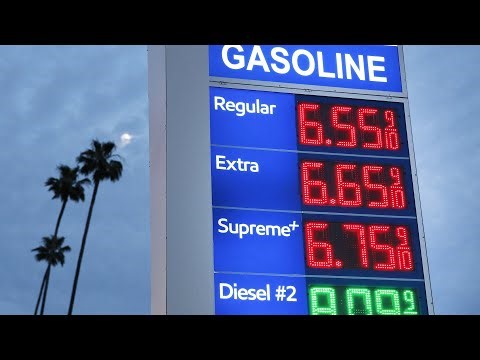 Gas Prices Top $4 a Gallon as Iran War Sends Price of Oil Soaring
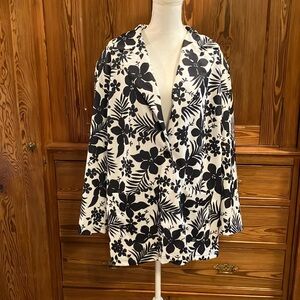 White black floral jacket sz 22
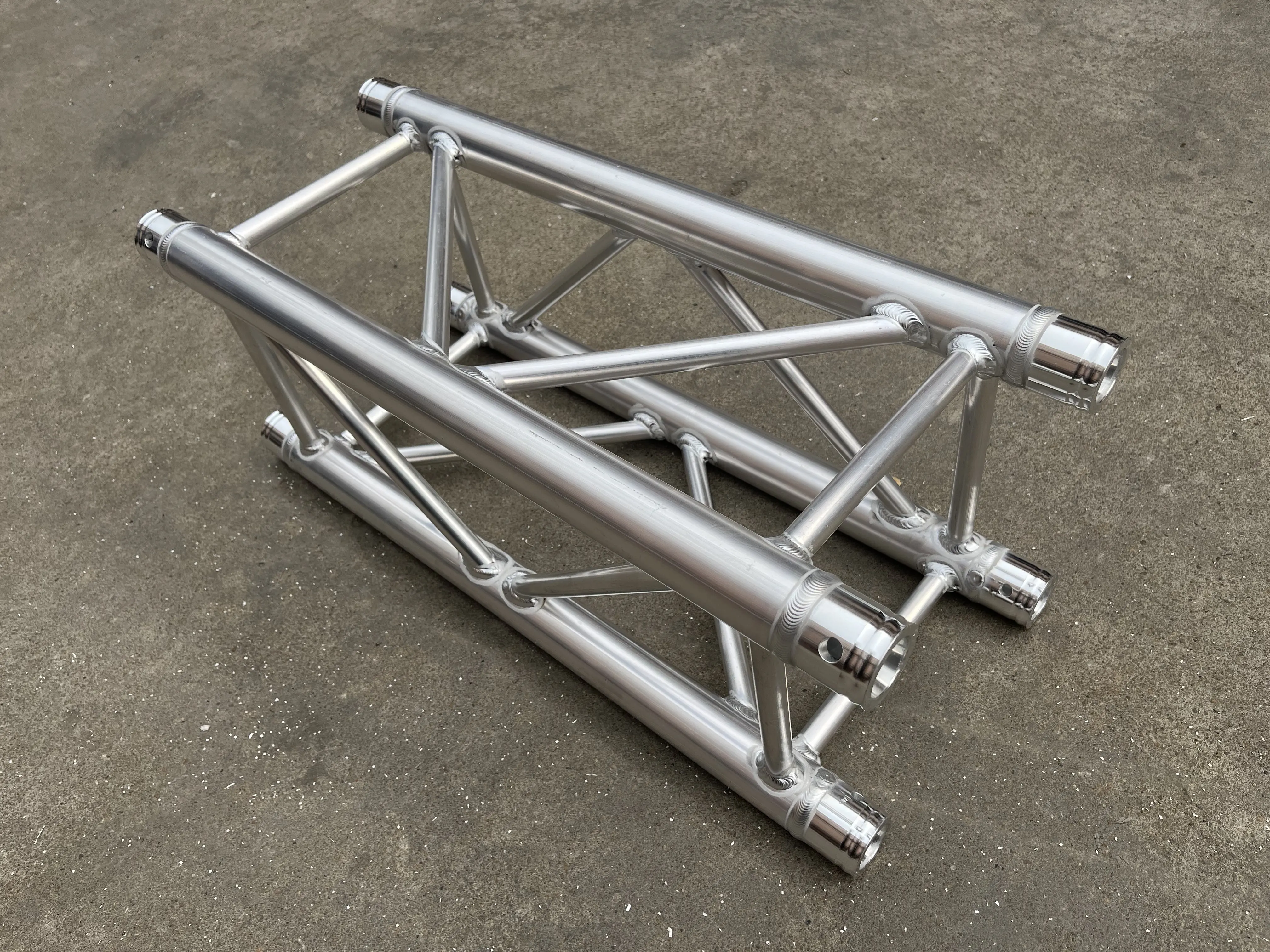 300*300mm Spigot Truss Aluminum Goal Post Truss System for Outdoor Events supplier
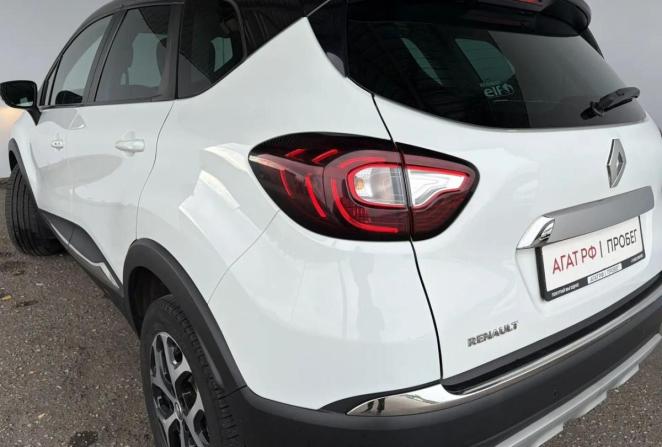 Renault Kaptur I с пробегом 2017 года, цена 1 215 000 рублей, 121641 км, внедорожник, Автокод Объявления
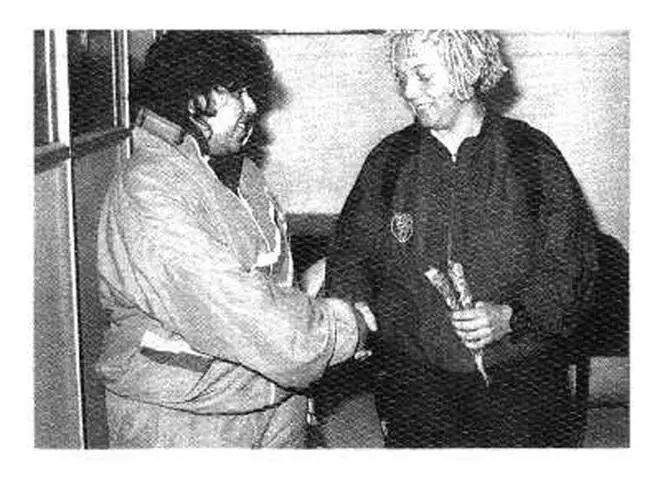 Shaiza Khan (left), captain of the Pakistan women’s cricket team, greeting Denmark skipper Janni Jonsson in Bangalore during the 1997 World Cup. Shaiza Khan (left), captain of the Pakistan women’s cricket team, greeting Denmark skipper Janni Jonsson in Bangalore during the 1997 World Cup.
• • • • • • •
◆ Action item ◆
Repeat word for word only the lines from the line holding "White black floral jacket sz 22" to the final line of the material, both included. Don't carry over any picture.

◆ Problem solution ◆
 White black floral jacket sz 22
 300*300mm Spigot Truss Aluminum Goal Post Truss System for Outdoor Events supplier
 Renault Kaptur I с пробегом 2017 года, цена 1 215 000 рублей, 121641 км, внедорожник, Автокод Объявления
 Shaiza Khan (left), captain of the Pakistan women’s cricket team, greeting Denmark skipper Janni Jonsson in Bangalore during the 1997 World Cup. Shaiza Khan (left), captain of the Pakistan women’s cricket team, greeting Denmark skipper Janni Jonsson in Bangalore during the 1997 World Cup.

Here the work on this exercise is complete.